**PROBLEM REQUIREMENTS**
The answer must be an exact copy of all the data below.
-- MATERIAL PROVIDED follows --
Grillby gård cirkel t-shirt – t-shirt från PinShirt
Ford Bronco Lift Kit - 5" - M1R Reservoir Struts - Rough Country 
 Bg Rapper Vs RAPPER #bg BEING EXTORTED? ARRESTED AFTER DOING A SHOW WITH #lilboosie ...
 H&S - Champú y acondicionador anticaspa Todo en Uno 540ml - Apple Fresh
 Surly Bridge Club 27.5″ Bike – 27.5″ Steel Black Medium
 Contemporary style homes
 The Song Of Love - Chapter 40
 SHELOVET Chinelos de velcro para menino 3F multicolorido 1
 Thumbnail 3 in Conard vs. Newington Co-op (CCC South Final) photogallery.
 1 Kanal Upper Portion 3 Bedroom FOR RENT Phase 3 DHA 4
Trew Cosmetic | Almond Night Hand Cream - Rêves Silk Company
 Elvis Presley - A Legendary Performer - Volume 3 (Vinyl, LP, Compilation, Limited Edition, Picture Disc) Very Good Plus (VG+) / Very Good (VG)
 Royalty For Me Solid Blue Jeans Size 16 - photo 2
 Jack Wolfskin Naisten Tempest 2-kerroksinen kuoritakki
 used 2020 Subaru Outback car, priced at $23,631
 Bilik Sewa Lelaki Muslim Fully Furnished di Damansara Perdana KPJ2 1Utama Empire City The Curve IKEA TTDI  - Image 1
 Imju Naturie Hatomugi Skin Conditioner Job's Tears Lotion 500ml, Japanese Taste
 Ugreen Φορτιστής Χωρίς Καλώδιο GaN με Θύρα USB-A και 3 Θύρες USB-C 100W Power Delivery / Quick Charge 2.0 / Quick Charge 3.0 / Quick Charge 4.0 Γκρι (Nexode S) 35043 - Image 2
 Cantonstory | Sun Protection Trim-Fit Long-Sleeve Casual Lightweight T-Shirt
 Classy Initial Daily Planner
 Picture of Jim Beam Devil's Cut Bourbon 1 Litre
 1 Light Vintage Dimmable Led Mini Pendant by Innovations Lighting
-- MATERIAL PROVIDED concluded --
**WORKED SOLUTION**
Grillby gård cirkel t-shirt – t-shirt från PinShirt
Ford Bronco Lift Kit - 5" - M1R Reservoir Struts - Rough Country 
 Bg Rapper Vs RAPPER #bg BEING EXTORTED? ARRESTED AFTER DOING A SHOW WITH #lilboosie ...
 H&S - Champú y acondicionador anticaspa Todo en Uno 540ml - Apple Fresh
 Surly Bridge Club 27.5″ Bike – 27.5″ Steel Black Medium
 Contemporary style homes
 The Song Of Love - Chapter 40
 SHELOVET Chinelos de velcro para menino 3F multicolorido 1
 Thumbnail 3 in Conard vs. Newington Co-op (CCC South Final) photogallery.
 1 Kanal Upper Portion 3 Bedroom FOR RENT Phase 3 DHA 4
Trew Cosmetic | Almond Night Hand Cream - Rêves Silk Company
 Elvis Presley - A Legendary Performer - Volume 3 (Vinyl, LP, Compilation, Limited Edition, Picture Disc) Very Good Plus (VG+) / Very Good (VG)
 Royalty For Me Solid Blue Jeans Size 16 - photo 2
 Jack Wolfskin Naisten Tempest 2-kerroksinen kuoritakki
 used 2020 Subaru Outback car, priced at $23,631
 Bilik Sewa Lelaki Muslim Fully Furnished di Damansara Perdana KPJ2 1Utama Empire City The Curve IKEA TTDI  - Image 1
 Imju Naturie Hatomugi Skin Conditioner Job's Tears Lotion 500ml, Japanese Taste
 Ugreen Φορτιστής Χωρίς Καλώδιο GaN με Θύρα USB-A και 3 Θύρες USB-C 100W Power Delivery / Quick Charge 2.0 / Quick Charge 3.0 / Quick Charge 4.0 Γκρι (Nexode S) 35043 - Image 2
 Cantonstory | Sun Protection Trim-Fit Long-Sleeve Casual Lightweight T-Shirt
 Classy Initial Daily Planner
 Picture of Jim Beam Devil's Cut Bourbon 1 Litre
 1 Light Vintage Dimmable Led Mini Pendant by Innovations Lighting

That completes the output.